'''
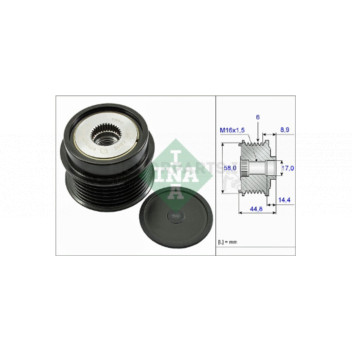Image for Over-Running Alternator Pulley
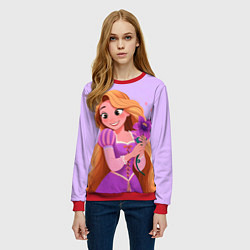 Свитшот женский Rapunzel - big pictures, цвет: 3D-красный — фото 2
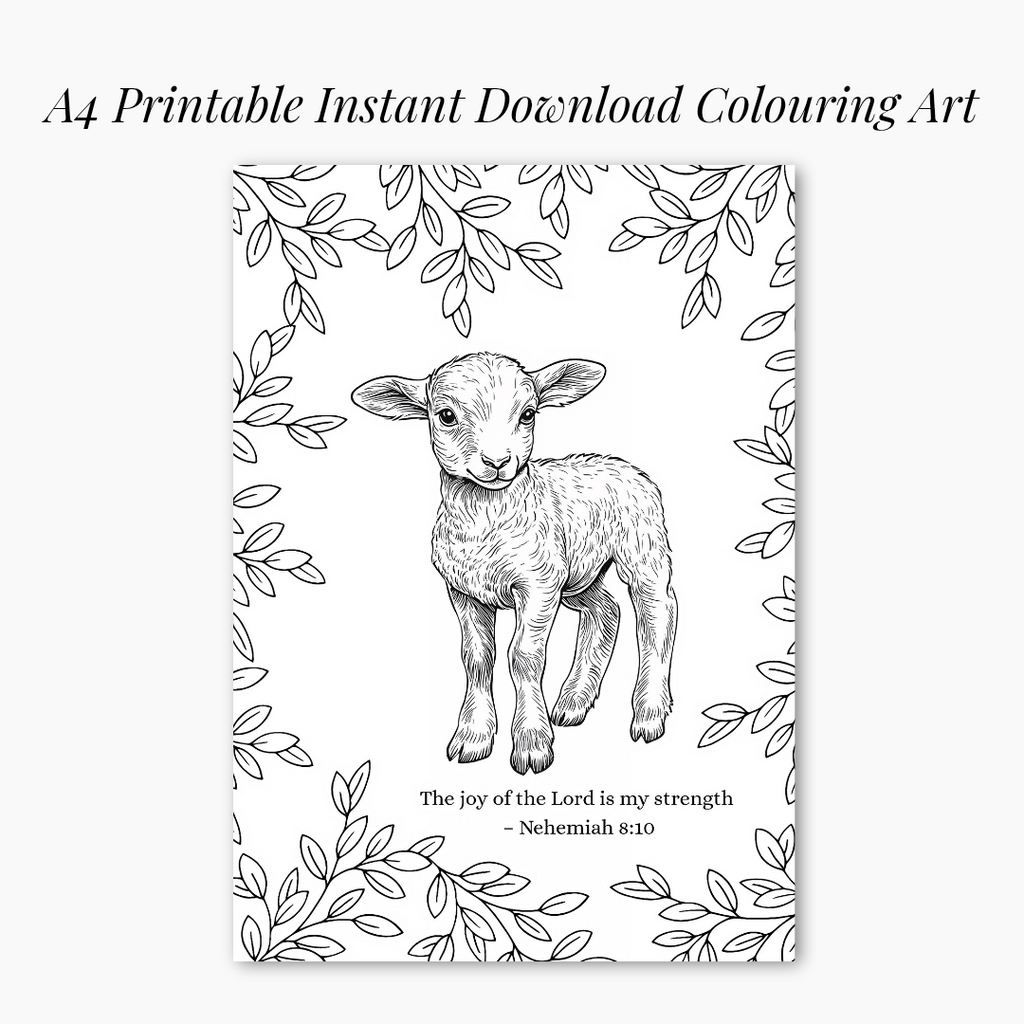 The Joy Of The Lord Is My Strength – Colouring Page Printable Download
'''
What is needed is an exact copy of the lines from the one with "Свитшот женский Rapunzel" through the end of the data above, both included, minus any pictures.

● **ANSWER SECTION**
 Свитшот женский Rapunzel - big pictures, цвет: 3D-красный — фото 2
 The Joy Of The Lord Is My Strength – Colouring Page Printable Download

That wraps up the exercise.